NFPA 101 STANDARD Corridor - Doors:This is a less serious (but not lowest level) deficiency and affects more than a limited number of residents, staff, or occurrences. This deficiency is one that results in minimal discomfort to the resident or has the potential (not yet realized) to negatively affect the resident's ability to achieve his/her highest functional status. This deficiency was not found to be throughout this facility.
Corridor - Doors
Doors protecting corridor openings in other than required enclosures of vertical openings, exits, or hazardous areas resist the passage of smoke and are made of 1 3/4 inch solid-bonded core wood or other material capable of resisting fire for at least 20 minutes. Doors in fully sprinklered smoke compartments are only required to resist the passage of smoke. Corridor doors and doors to rooms containing flammable or combustible materials have positive latching hardware. Roller latches are prohibited by CMS regulation. These requirements do not apply to auxiliary spaces that do not contain flammable or combustible material.
Clearance between bottom of door and floor covering is not exceeding 1 inch. Powered doors complying with 7.2.1.9 are permissible if provided with a device capable of keeping the door closed when a force of 5 lbf is applied. There is no impediment to the closing of the doors. Hold open devices that release when the door is pushed or pulled are permitted. Nonrated protective plates of unlimited height are permitted. Dutch doors meeting 19.3.6.3.6 are permitted. Door frames shall be labeled and made of steel or other materials in compliance with 8.3, unless the smoke compartment is sprinklered. Fixed fire window assemblies are allowed per 8.3. In sprinklered compartments there are no restrictions in area or fire resistance of glass or frames in window assemblies.

19.3.6.3, 42 CFR Parts 403, 418, 460, 482, 483, and 485
Show in REMARKS details of doors such as fire protection ratings, automatics closing devices, etc.
Observations:
Name: B,C,D BLDG - Component: 02 - Tag: 0363 Based on observation and interview, it was determined the facility failed to maintain the unobstructed closing of corridor doors, affecting one of seven smoke compartments within the component. Findings include: 1. Observation on January 30, 2026, at 1:22 PM, revealed a wheelchair obstructing the closing of the door, to 1st floor Resident Room SC-2. Interview with the Facility Representative on January 30, 2026, at 1:22 PM, confirmed the corridor door was obstructed from closing.

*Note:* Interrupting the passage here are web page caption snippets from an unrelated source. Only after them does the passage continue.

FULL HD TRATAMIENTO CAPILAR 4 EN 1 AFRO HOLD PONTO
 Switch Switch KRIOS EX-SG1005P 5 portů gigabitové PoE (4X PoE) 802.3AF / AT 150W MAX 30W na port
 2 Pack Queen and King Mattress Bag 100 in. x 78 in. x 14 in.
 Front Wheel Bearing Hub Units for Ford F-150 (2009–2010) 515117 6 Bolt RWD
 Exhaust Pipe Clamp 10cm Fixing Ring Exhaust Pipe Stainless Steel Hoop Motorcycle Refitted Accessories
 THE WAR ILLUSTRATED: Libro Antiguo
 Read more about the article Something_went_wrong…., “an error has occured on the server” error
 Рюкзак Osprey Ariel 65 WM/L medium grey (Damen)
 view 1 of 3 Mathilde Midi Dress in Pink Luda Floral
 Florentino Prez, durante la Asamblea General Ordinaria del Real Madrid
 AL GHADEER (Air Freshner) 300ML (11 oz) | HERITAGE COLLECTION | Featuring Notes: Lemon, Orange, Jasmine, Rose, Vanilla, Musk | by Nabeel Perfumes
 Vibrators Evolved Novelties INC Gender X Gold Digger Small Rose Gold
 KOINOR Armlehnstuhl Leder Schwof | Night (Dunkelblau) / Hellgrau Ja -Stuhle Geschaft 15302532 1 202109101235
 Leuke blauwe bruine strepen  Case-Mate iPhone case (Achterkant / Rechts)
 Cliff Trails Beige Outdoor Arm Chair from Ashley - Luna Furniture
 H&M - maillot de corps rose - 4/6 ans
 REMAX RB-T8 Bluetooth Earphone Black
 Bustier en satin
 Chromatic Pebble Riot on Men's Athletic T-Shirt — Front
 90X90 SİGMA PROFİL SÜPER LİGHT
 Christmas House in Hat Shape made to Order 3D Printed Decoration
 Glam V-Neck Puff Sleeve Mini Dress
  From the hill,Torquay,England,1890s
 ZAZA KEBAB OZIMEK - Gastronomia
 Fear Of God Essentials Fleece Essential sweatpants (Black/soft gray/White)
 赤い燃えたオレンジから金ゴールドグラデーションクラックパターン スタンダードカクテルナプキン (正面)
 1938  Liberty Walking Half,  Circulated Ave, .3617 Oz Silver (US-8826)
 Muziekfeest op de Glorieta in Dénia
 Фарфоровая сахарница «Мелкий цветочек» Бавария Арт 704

 Plan of Correction - To be completed: 03/17/2026

1. Wheelchair was removed to ensure door closed.
2. Audit will be completed to ensure there are no obstructions to doors
3. Education will be provided to staff to ensure doors are not obstructed and able to close
4. Maintenance Director will complete audits of doors 3x/week x 4 weeks, then 5 monthly x2 months to ensure no obstruction. Audits will be reviewed at QAPI to ensure compliance.